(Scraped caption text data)
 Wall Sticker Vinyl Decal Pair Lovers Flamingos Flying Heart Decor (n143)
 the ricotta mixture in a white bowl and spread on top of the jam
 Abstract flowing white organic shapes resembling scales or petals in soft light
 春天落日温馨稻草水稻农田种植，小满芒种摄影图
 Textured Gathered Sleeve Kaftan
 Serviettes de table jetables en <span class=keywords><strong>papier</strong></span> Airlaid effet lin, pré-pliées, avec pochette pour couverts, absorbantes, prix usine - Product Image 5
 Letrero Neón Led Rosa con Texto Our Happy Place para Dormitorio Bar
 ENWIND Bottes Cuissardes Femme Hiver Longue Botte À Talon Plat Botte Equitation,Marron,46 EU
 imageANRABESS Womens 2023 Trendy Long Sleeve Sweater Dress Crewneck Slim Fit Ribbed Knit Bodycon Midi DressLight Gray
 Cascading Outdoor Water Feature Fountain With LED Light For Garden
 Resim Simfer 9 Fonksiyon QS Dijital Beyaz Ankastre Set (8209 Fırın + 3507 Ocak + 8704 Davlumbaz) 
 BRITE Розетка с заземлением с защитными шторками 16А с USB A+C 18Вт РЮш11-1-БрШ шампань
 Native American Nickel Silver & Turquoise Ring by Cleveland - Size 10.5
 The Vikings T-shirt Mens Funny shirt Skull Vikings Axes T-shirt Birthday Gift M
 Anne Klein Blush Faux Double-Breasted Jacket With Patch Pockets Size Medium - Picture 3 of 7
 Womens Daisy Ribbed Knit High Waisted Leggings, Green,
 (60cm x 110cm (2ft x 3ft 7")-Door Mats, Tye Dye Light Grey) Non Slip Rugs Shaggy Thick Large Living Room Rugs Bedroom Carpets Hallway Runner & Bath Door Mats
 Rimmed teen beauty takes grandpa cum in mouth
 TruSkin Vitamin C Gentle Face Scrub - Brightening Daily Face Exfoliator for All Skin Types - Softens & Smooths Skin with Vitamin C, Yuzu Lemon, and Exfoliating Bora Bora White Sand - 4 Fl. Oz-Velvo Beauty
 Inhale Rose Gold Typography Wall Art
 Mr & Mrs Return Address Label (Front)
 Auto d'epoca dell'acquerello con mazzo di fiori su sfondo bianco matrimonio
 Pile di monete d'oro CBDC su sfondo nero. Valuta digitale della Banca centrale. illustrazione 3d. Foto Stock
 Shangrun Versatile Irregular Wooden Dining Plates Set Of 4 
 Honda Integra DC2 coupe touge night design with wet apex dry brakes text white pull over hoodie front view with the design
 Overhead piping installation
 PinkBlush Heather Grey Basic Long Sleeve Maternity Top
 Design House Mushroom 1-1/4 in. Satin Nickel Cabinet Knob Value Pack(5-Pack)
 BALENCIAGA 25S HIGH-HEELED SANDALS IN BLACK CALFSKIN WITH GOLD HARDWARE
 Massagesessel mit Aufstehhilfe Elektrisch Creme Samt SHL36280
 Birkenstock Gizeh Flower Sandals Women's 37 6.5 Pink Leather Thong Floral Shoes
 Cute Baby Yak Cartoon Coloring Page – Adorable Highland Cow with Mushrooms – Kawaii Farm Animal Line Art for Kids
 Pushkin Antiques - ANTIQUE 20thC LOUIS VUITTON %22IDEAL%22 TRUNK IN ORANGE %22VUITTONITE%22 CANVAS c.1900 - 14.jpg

What is being asked: In the entries above, count each line holding the word "Knit" and give that count alone.

Response to the task: 2